Right now I’m still in the simplest mode possible: printing objects directly from a smartphone app. It works, but it’s basically “download → print → hope it doesn’t fail.” Zero editing, zero designing, zero learning beyond the basics. It’s fun, but it’s also limiting — and I don’t want to stay stuck in “consumer mode” for long. The whole idea behind my mission is to graduate from using tools to building with them. 
The next step is clear: I need to choose my first real 3D design workflow. Blender, Fusion 360, Shapr3D, Onshape — I haven’t decided yet.
Once I decide, the plan is to start designing my own parts. Storage solutions, adapters, small functional items — the same way Phase 1 pushed me to build my first digital systems, this printer will push me to build my first physical ones. 

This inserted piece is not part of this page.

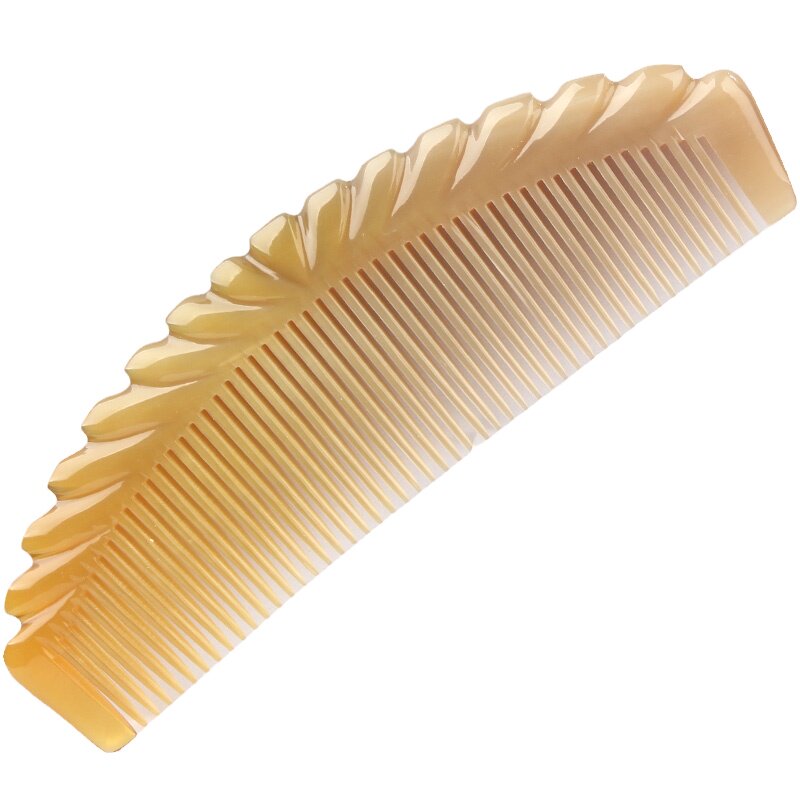 白牛角梳精品雕花加厚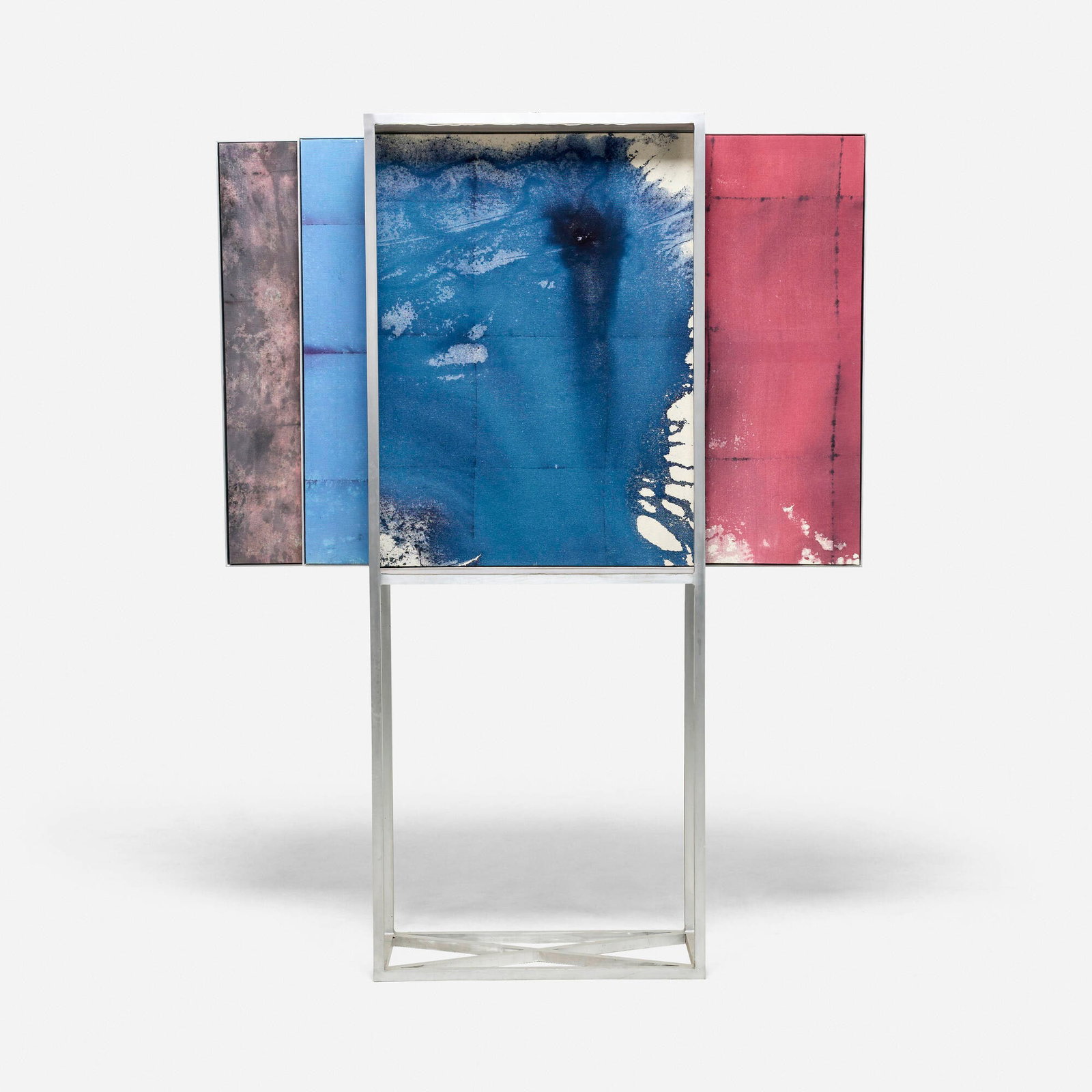 Dean Levin, Seasons of 4: Dean Levin Seasons of 4 2014 oil and pigment on canvas in artist's frame in four parts within aluminum structure variable installation dimensions: 80 h x 50 w x 15 d in (203 x 127 x 38 cm) canvas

This is a good reminder of what I wrote in my Mission Sheet: “Creation over consumption. Proof over opinion. Iteration over perfection.”  3D printing is exactly that. You design something, it either works or breaks, and you learn by trying again.
The excitement is real — not because the machine is cool (well, it is kind of cool to see something just commig out of the ground in a perfect form), but because of what it enables. A new tool, a new skill set, and a new area where I can build systems from scratch. Exactly how I want to spend my 17th year.